The people of the town, who are predominantly farmers and civil servants, said many people have run away from the land of their birth not because of upsurge in criminal activities, outbreak of epidemics or any untoward factors but because of government’s total neglect of the quarters. They claim that the area has been cut off from other communities in Ubulu-Uku and neighbouring towns by erosion.
The only road in and out of the area, which links the people to other communities in Delta and other states, has totally collapsed and is now a death trap.
According to Daily Sun’s findings, only the strong and courageous can walk through the road. Many have been injured, maimed and vehicles and other property have been damaged in the course of fording through the road.
Residents of Ubulu-Uku, who are predominantly farmers, can no longer access their farmlands. This has heightened fear of imminent hunger and starvation, as the only road that leads to their farms has been completely destroyed by erosion. There is also anxiety that, if work does not commence to salvage the road immediately, in a few months’ time, many people would be trapped in their homes, which are likely to be destroyed by erosion.
An America-based indigene of the town, Catherine Williams (nee Onwueme), came from the United States of America for the burial of her elder brother, Boniface, recently, but became more devastated as she could not get to her family compound with the three sport utility vehicles that were conveying her entourage and valuables.

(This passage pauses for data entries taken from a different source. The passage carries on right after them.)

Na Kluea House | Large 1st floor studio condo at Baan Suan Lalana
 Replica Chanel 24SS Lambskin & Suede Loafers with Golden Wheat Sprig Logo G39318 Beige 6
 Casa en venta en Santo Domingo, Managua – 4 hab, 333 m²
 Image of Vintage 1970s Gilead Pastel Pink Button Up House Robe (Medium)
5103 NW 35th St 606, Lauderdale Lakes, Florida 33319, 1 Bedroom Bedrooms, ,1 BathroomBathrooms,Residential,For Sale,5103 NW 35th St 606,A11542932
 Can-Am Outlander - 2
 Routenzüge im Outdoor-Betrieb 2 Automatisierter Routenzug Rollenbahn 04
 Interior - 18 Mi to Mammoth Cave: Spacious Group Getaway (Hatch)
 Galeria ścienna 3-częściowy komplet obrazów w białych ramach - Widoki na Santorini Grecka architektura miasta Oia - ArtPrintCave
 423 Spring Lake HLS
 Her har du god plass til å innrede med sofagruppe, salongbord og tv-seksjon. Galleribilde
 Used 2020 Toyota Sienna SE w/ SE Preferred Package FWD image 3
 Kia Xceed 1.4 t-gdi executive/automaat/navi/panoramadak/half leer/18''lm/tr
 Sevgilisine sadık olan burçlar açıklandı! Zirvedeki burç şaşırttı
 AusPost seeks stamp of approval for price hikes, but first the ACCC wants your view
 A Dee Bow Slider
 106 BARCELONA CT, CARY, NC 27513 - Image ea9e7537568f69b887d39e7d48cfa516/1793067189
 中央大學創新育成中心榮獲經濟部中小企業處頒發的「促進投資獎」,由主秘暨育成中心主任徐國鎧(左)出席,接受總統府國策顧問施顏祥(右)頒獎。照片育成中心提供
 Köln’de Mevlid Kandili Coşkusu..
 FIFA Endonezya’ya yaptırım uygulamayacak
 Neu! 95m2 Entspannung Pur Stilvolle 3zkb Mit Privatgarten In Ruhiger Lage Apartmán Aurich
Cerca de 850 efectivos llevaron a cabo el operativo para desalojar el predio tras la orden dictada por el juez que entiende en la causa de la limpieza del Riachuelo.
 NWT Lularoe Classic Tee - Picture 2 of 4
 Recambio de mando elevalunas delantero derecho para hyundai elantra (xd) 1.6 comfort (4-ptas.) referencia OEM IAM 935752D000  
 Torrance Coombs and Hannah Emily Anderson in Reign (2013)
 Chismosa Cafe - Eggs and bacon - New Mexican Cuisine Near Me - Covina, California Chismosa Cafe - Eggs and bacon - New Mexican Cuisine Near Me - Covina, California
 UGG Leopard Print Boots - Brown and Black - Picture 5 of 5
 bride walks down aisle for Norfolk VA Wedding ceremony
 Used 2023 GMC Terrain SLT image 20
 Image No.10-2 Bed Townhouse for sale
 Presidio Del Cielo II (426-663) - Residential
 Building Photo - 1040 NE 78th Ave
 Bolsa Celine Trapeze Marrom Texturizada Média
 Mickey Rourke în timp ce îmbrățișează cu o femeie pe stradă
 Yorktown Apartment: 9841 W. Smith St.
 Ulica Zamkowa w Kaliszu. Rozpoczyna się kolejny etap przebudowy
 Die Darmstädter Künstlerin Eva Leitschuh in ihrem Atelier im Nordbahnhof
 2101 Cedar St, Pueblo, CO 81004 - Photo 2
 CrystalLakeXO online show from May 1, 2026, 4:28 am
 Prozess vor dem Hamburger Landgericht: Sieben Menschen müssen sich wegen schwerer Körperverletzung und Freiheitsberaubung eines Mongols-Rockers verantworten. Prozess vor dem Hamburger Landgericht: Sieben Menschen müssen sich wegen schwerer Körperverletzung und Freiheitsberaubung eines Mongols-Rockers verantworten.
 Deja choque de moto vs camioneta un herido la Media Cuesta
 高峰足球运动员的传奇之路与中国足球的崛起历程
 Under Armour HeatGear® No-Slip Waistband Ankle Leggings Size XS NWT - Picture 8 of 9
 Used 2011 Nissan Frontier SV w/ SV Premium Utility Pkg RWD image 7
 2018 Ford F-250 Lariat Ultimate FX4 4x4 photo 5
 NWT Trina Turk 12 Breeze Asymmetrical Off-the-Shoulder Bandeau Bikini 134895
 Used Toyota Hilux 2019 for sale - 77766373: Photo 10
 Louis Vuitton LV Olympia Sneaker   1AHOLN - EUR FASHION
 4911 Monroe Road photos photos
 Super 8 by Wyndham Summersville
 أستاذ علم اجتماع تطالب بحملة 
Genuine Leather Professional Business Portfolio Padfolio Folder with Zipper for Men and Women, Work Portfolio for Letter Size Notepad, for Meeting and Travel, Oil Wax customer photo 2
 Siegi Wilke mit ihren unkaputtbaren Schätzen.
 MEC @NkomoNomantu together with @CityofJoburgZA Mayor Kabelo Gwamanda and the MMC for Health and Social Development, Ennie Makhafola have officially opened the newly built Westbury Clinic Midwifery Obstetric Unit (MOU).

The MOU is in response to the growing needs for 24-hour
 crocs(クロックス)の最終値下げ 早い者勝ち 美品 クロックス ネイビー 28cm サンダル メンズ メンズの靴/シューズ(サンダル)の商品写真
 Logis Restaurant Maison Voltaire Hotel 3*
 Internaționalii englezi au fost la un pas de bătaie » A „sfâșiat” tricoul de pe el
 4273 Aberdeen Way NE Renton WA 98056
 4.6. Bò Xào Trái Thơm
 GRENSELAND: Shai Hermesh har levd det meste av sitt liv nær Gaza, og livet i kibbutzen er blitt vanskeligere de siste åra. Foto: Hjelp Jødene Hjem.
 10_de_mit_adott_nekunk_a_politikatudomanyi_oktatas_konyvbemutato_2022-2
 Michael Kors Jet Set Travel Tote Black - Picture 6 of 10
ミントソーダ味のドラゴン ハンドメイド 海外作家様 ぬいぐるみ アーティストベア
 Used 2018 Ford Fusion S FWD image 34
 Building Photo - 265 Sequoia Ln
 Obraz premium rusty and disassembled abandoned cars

The embittered Williams told Daily Sun: “I have never been embarrassed like this. I was coming home in company with my friends from the US and those who joined us from Lagos. We had a smooth ride to Delta State, and I was so happy that we arrived safely. Just to enter my street, Onicha-Uku Quarters, in Ubulu-Uku, we were not able, because of the dilapidated nature of our road.
“We had no alternative than to abandon our vehicles. We paid heavily for people to convey our loads by carrying our stuff on their heads, as neither carts nor motorcycles could pass through the road. To walk through the road was like walking through the valley of the shadow of death, because the road was in the worst state of dilapidation. We eventually arrived at my home but with minor injuries.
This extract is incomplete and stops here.